## Try it
A complete copy of the entries, exactly as written, is the expected result.

(Short descriptive text snippets)
......
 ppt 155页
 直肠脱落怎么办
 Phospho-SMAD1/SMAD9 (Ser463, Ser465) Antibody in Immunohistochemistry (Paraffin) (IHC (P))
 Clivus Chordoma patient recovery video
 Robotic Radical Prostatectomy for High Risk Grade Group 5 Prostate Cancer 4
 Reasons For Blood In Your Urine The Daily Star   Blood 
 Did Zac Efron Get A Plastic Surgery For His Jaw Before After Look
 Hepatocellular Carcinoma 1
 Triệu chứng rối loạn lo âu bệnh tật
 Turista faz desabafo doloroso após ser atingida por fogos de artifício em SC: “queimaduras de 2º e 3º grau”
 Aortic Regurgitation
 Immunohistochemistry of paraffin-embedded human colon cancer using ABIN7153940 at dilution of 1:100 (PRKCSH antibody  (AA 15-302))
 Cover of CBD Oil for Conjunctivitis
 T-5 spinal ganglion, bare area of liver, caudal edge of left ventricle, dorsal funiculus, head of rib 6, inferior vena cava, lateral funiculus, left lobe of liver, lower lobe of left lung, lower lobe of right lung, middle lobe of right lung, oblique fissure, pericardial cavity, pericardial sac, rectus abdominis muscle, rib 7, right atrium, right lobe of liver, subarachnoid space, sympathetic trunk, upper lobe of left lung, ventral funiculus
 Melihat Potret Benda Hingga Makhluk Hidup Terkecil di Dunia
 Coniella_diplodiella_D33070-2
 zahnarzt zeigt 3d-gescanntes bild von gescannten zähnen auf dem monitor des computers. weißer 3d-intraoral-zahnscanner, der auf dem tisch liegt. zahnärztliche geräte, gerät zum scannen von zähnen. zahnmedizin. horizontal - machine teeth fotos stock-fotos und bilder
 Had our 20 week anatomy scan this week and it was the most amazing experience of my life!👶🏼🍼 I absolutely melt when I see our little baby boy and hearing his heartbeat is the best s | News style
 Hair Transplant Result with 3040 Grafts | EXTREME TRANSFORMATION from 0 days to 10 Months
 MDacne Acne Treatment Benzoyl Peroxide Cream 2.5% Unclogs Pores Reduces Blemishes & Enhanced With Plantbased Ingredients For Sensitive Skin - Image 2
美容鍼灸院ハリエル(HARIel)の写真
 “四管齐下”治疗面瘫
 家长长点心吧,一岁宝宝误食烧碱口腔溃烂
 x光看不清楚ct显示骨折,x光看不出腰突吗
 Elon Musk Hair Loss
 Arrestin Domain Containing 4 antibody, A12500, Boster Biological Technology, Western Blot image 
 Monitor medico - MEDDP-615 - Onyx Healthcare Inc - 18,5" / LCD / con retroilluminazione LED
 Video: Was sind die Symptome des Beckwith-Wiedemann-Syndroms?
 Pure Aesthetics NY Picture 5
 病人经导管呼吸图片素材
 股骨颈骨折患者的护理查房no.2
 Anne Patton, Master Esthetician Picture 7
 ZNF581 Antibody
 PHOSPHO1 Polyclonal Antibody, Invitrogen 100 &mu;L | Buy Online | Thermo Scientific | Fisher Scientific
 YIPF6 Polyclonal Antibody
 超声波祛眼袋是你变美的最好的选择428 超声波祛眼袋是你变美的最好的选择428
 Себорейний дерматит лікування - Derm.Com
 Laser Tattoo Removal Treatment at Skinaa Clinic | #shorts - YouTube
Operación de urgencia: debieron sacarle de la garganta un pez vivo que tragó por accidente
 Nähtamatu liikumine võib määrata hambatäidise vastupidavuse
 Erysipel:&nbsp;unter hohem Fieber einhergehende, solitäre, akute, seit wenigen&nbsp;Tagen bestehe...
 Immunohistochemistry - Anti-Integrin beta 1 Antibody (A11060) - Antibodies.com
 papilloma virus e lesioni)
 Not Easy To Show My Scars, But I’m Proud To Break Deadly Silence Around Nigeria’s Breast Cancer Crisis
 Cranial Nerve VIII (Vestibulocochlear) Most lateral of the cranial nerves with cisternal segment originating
......
## Response
 ppt 155页
 直肠脱落怎么办
 Phospho-SMAD1/SMAD9 (Ser463, Ser465) Antibody in Immunohistochemistry (Paraffin) (IHC (P))
 Clivus Chordoma patient recovery video
 Robotic Radical Prostatectomy for High Risk Grade Group 5 Prostate Cancer 4
 Reasons For Blood In Your Urine The Daily Star   Blood 
 Did Zac Efron Get A Plastic Surgery For His Jaw Before After Look
 Hepatocellular Carcinoma 1
 Triệu chứng rối loạn lo âu bệnh tật
 Turista faz desabafo doloroso após ser atingida por fogos de artifício em SC: “queimaduras de 2º e 3º grau”
 Aortic Regurgitation
 Immunohistochemistry of paraffin-embedded human colon cancer using ABIN7153940 at dilution of 1:100 (PRKCSH antibody  (AA 15-302))
 Cover of CBD Oil for Conjunctivitis
 T-5 spinal ganglion, bare area of liver, caudal edge of left ventricle, dorsal funiculus, head of rib 6, inferior vena cava, lateral funiculus, left lobe of liver, lower lobe of left lung, lower lobe of right lung, middle lobe of right lung, oblique fissure, pericardial cavity, pericardial sac, rectus abdominis muscle, rib 7, right atrium, right lobe of liver, subarachnoid space, sympathetic trunk, upper lobe of left lung, ventral funiculus
 Melihat Potret Benda Hingga Makhluk Hidup Terkecil di Dunia
 Coniella_diplodiella_D33070-2
 zahnarzt zeigt 3d-gescanntes bild von gescannten zähnen auf dem monitor des computers. weißer 3d-intraoral-zahnscanner, der auf dem tisch liegt. zahnärztliche geräte, gerät zum scannen von zähnen. zahnmedizin. horizontal - machine teeth fotos stock-fotos und bilder
 Had our 20 week anatomy scan this week and it was the most amazing experience of my life!👶🏼🍼 I absolutely melt when I see our little baby boy and hearing his heartbeat is the best s | News style
 Hair Transplant Result with 3040 Grafts | EXTREME TRANSFORMATION from 0 days to 10 Months
 MDacne Acne Treatment Benzoyl Peroxide Cream 2.5% Unclogs Pores Reduces Blemishes & Enhanced With Plantbased Ingredients For Sensitive Skin - Image 2
美容鍼灸院ハリエル(HARIel)の写真
 “四管齐下”治疗面瘫
 家长长点心吧,一岁宝宝误食烧碱口腔溃烂
 x光看不清楚ct显示骨折,x光看不出腰突吗
 Elon Musk Hair Loss
 Arrestin Domain Containing 4 antibody, A12500, Boster Biological Technology, Western Blot image 
 Monitor medico - MEDDP-615 - Onyx Healthcare Inc - 18,5" / LCD / con retroilluminazione LED
 Video: Was sind die Symptome des Beckwith-Wiedemann-Syndroms?
 Pure Aesthetics NY Picture 5
 病人经导管呼吸图片素材
 股骨颈骨折患者的护理查房no.2
 Anne Patton, Master Esthetician Picture 7
 ZNF581 Antibody
 PHOSPHO1 Polyclonal Antibody, Invitrogen 100 &mu;L | Buy Online | Thermo Scientific | Fisher Scientific
 YIPF6 Polyclonal Antibody
 超声波祛眼袋是你变美的最好的选择428 超声波祛眼袋是你变美的最好的选择428
 Себорейний дерматит лікування - Derm.Com
 Laser Tattoo Removal Treatment at Skinaa Clinic | #shorts - YouTube
Operación de urgencia: debieron sacarle de la garganta un pez vivo que tragó por accidente
 Nähtamatu liikumine võib määrata hambatäidise vastupidavuse
 Erysipel:&nbsp;unter hohem Fieber einhergehende, solitäre, akute, seit wenigen&nbsp;Tagen bestehe...
 Immunohistochemistry - Anti-Integrin beta 1 Antibody (A11060) - Antibodies.com
 papilloma virus e lesioni)
 Not Easy To Show My Scars, But I’m Proud To Break Deadly Silence Around Nigeria’s Breast Cancer Crisis
 Cranial Nerve VIII (Vestibulocochlear) Most lateral of the cranial nerves with cisternal segment originating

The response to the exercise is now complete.